--- DATA SUPPLIED ---

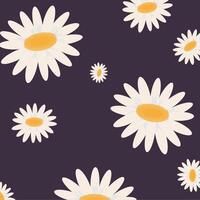 White Daisy Pattern on Purple Background vector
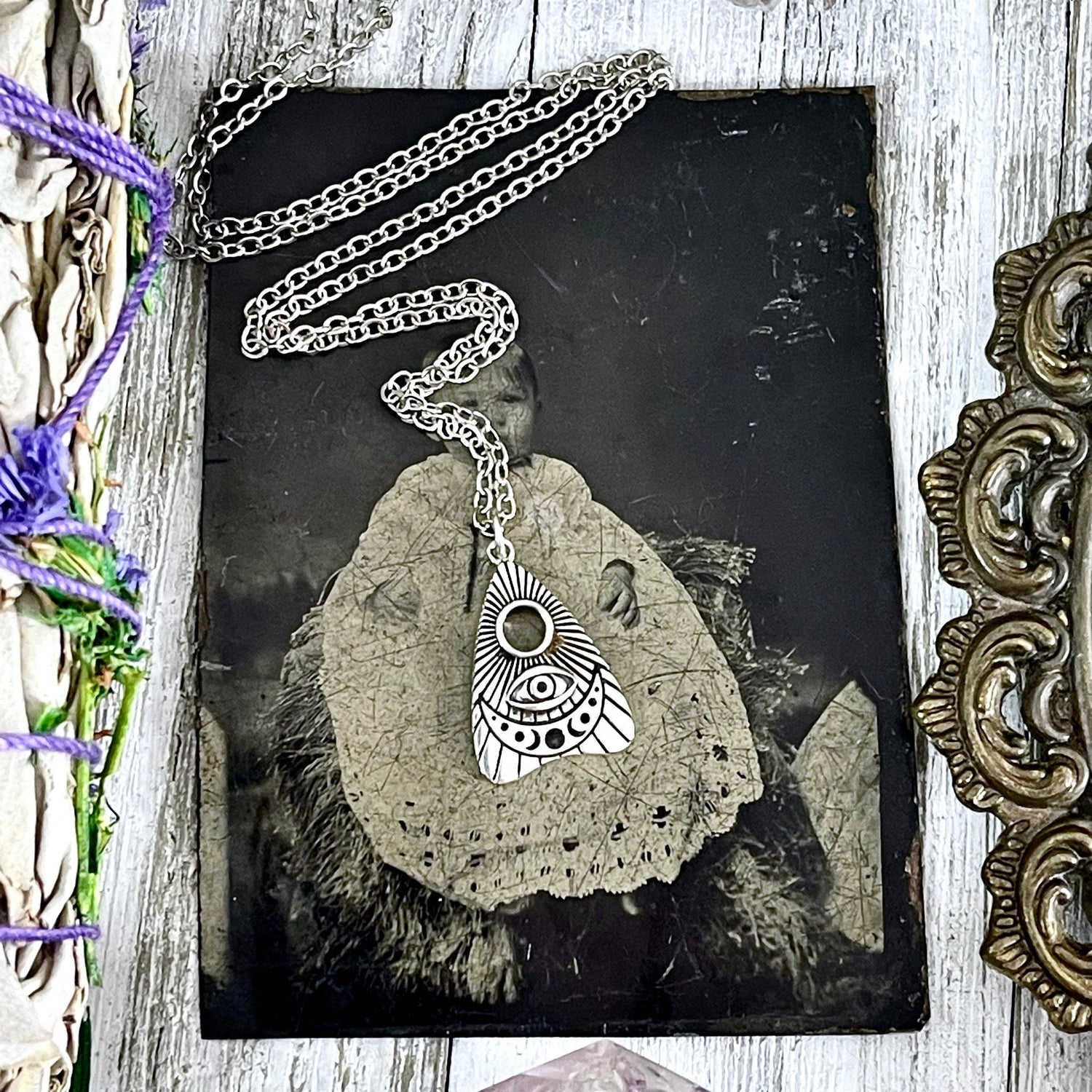 Tiny Talisman Collection - Sterling Silver Ouija Planchette Pendant 25x15mm / Curated by Foxlark Collection - 925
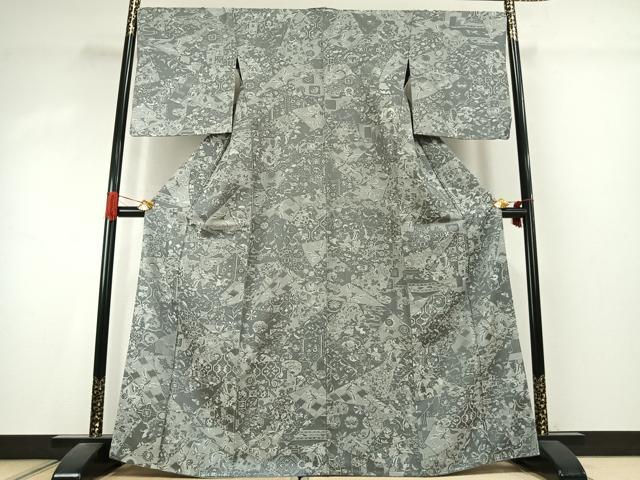 平和屋着物●お召 天目織 切嵌花蝶文 さが美扱い 胴抜き仕立て 正絹 逸品 AABK1120fy
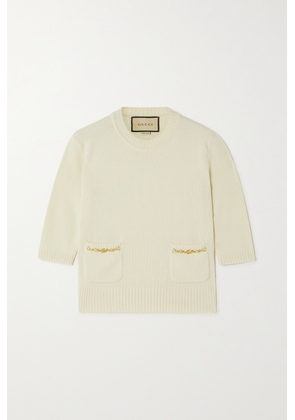 Gucci - Chain-embellished Cashmere Sweater - Ivory - XXS,XS,S,M,L,XL,XXL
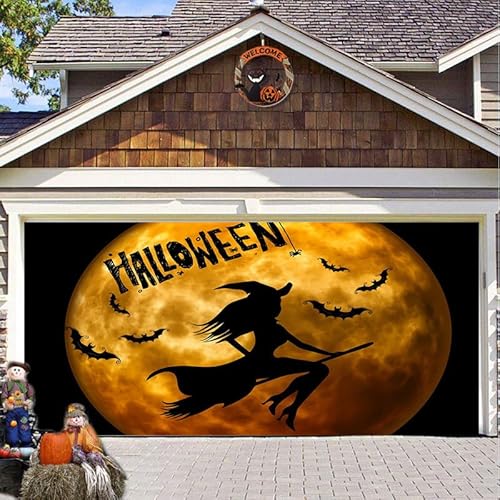 Hixingo Garagentor Banner, Tür Banner Happy Halloween Banner Poster Party Banner Hintergrund Türdeko Haustür Halloween Outdoor Deko für Dekoration Veranda Wand (Hexe,480x210cm) von Hixingo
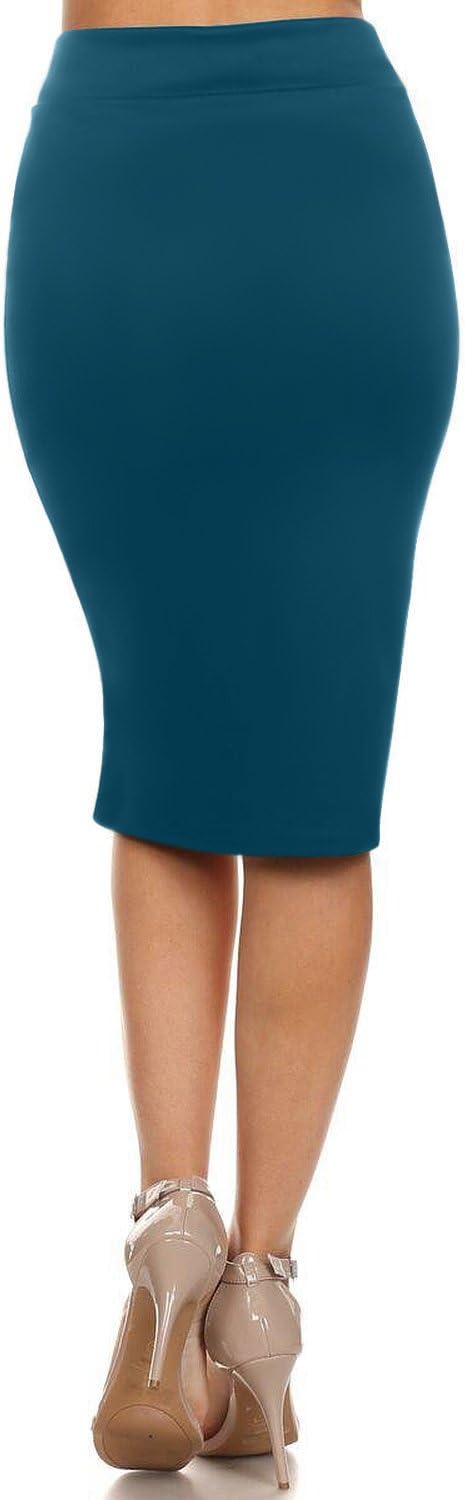 Simlu Womens Pencil Skirt for Office Wear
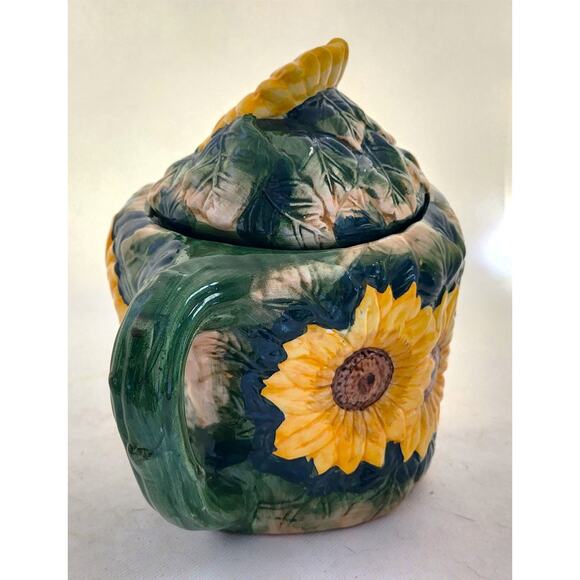 TEAPOT/WORLD BAZAAR-Sunflowers-Green-Floral-Garden-Holds 3 Cups - Picture 4 of 10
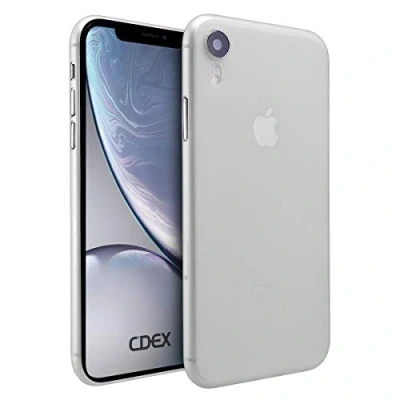 Abbildung von doupi UltraSlim Hülle kompatibel für iPhone Xr (iPhone 10r) 6,1 Zoll, Ultra Dünn Fein Matt Handyhülle Cover Bumper Schutz Schale Hard Case Taschenschutz Design Schutzhülle, weiß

---

Repeat the lines above, starting at the first and stopping after the line that holds "TEAPOT/WORLD BAZAAR-Sunflowers-Green-Floral-Garden-Holds 3", with the pictures left out.

» RESPONSE AREA:
 White Daisy Pattern on Purple Background vector
 Tiny Talisman Collection - Sterling Silver Ouija Planchette Pendant 25x15mm / Curated by Foxlark Collection - 925
 平和屋着物●お召 天目織 切嵌花蝶文 さが美扱い 胴抜き仕立て 正絹 逸品 AABK1120fy
 Gucci - Chain-embellished Cashmere Sweater - Ivory - XXS,XS,S,M,L,XL,XXL
 Hixingo Garagentor Banner, Tür Banner Happy Halloween Banner Poster Party Banner Hintergrund Türdeko Haustür Halloween Outdoor Deko für Dekoration Veranda Wand (Hexe,480x210cm) von Hixingo
 Simlu Womens Pencil Skirt for Office Wear
 TEAPOT/WORLD BAZAAR-Sunflowers-Green-Floral-Garden-Holds 3 Cups - Picture 4 of 10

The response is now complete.